La cheffe du gouvernement français sera accompagnée d'une délégation importante, avec pas moins de seize ministres et plusieurs chefs d'entreprise, pour ce déplacement lors duquel elle devrait rencontrer le président algérien Abdelmadjid Tebboune.

Cette visite doit renforcer le rapprochement des deux pays amorcé fin août. Après des mois de crise diplomatique, liée à un passé toujours douloureux, le président français Emmanuel Macron et M. Tebboune avaient annoncé une nouvelle dynamique dans la relation bilatérale, à l'occasion d'une visite de trois jours du chef de l'État français en Algérie.

C'était la deuxième fois que M. Macron se rendait dans le pays en tant que président, après une première visite en décembre 2017. Les relations entre les deux pays étaient alors au beau fixe avec un jeune chef d'État, né après 1962, qui avait qualifié avant son élection la colonisation française de "crime contre l'humanité".

Mais elles avaient tourné court, rattrapées par des mémoires traumatisées par 132 ans de colonisation, une guerre sanglante et le rapatriement douloureux d'un million de Français d'Algérie.

En octobre 2021, Alger avait notamment rappelé pour trois mois son ambassadeur à Paris, en réaction indignée à des propos d'Emmanuel Macron affirmant devant des jeunes que le pouvoir algérien s'était construit sur "une rente mémorielle" entretenue par "le système politico-militaire". Mais le président français a fait, depuis, amende honorable.

- Réchauffement "indéniable" -

"La venue de Mme Borne, un peu plus d'un mois seulement après celle du président Emmanuel Macron, est pour beaucoup d'observateurs un signe indéniable du réchauffement des relations entre Alger et Paris, et même plus", commentait cette semaine le site d'information algérien TSA.
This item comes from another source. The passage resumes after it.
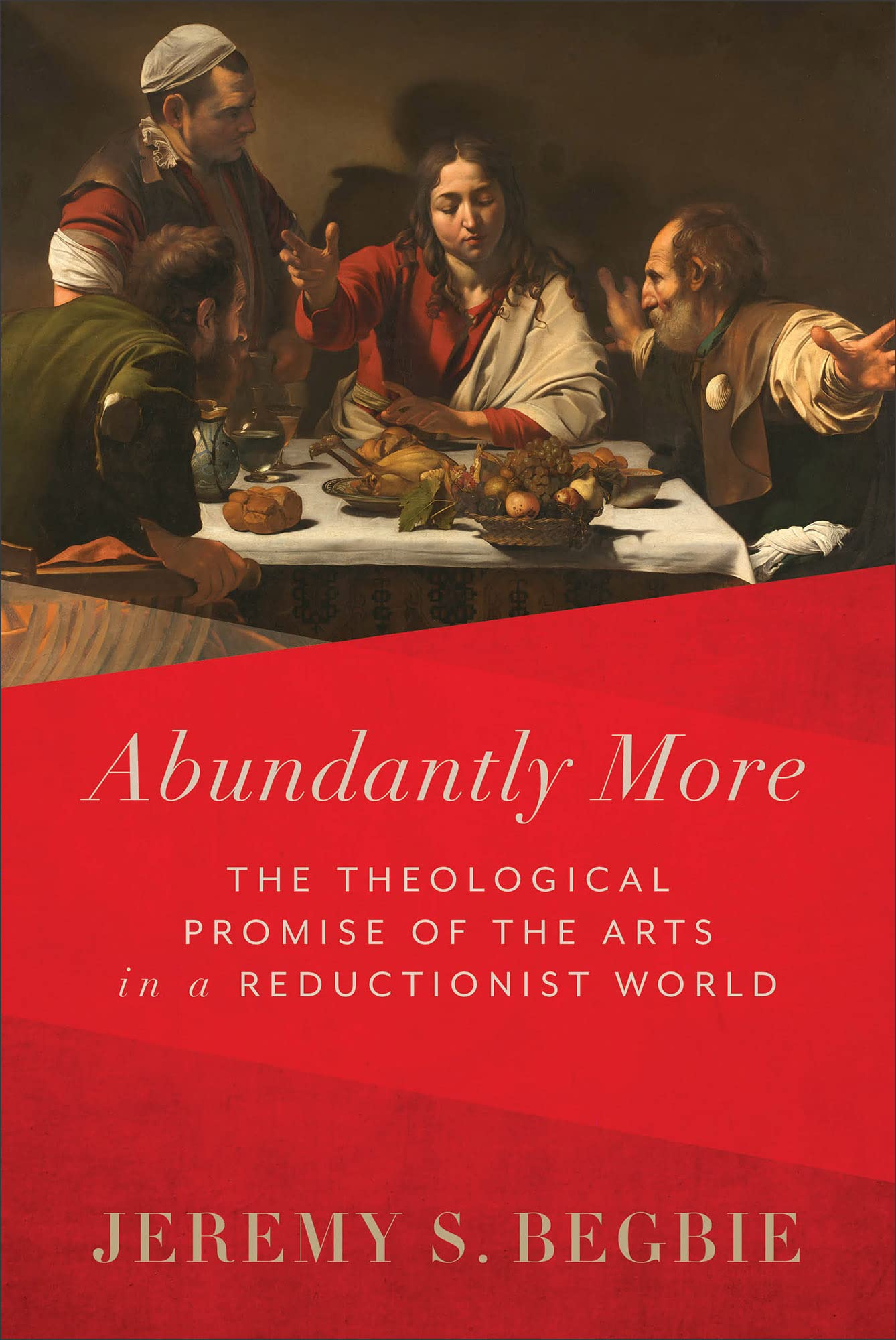 Abundantly More: The Theological Promise of the Arts in a Reductionist World Religion & Esotericism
Cette visite survient l'année du 60e anniversaire de la fin de la guerre et la proclamation de l'indépendance de l'Algérie en juillet 1962.

Elle doit concrétiser la "Déclaration d'Alger pour un partenariat renouvelé", signée le 27 août, avec à la clé des accords dans les champs de la formation, de la transition énergétique, de la coopération économique, de la jeunesse et de l'éducation, mais aussi sur des projets plus régaliens.

En revanche, les dossiers plus sensibles sur l'immigration ou la question mémorielle font, eux, toujours l'objet de discussions.

La question des visas a notamment empoisonné la relation bilatérale quand Paris a décidé à l'automne 2021 d'en diviser par deux le nombre octroyé en Algérie, jugée pas assez prompte à réadmettre ses ressortissants expulsés de France.

Les présidents des deux pays ont ouvert fin août la voie à un assouplissement du régime de visas accordés à l'Algérie, pour les étudiants, entrepreneurs, scientifiques, sportifs ou artistes, en échange d'une coopération accrue d'Alger dans la lutte contre l'immigration illégale.

Mais "les discussions n'ont pas encore abouti au moment où on se parle", a indiqué jeudi l'entourage de la Première ministre.

- "Temps propice" -

L'autre sujet sensible de la mémoire de la colonisation et de la guerre d'Algérie ne sera pas non plus au coeur de cette visite.

MM. Macron et Tebboune avaient annoncé la création d'une commission mixte d'historiens "pour regarder ensemble cette période historique" du début de la colonisation (1830) jusqu'à l'indépendance (1962).

L'Algérie demande notamment depuis longtemps un travail de mémoire sur les pages sombres de la colonisation française et pas seulement sur les sept dernières années de la guerre d'indépendance (1954-1962). La question des disparus algériens et européens durant la guerre reste aussi un sujet d'interrogations des familles des deux côtés de la Méditerranée.

Pour l'heure, cette commission qui doit être installée pour examiner "sans tabou" les archives des deux pays "est encore en cours de constitution", a-t-on fait savoir côté français.

"Emmanuel Macron a déblayé le chemin et le temps est propice à ce genre de coopération. Aujourd'hui, on est à un tournant de la relation, on a besoin d'une certaine durabilité", dit à l'AFP Hasni Abidi, directeur du Centre d'études et de recherche sur le monde arabe et méditerranéen (Cermam) à Genève.

"Le pari du président français est de gagner la confiance des Algériens en avançant dans des dossiers qui ne constituent pas de grandes difficultés pour les deux parties pour, finalement, s'attaquer aux sujets difficiles, comme la question migratoire", ajoute le chercheur.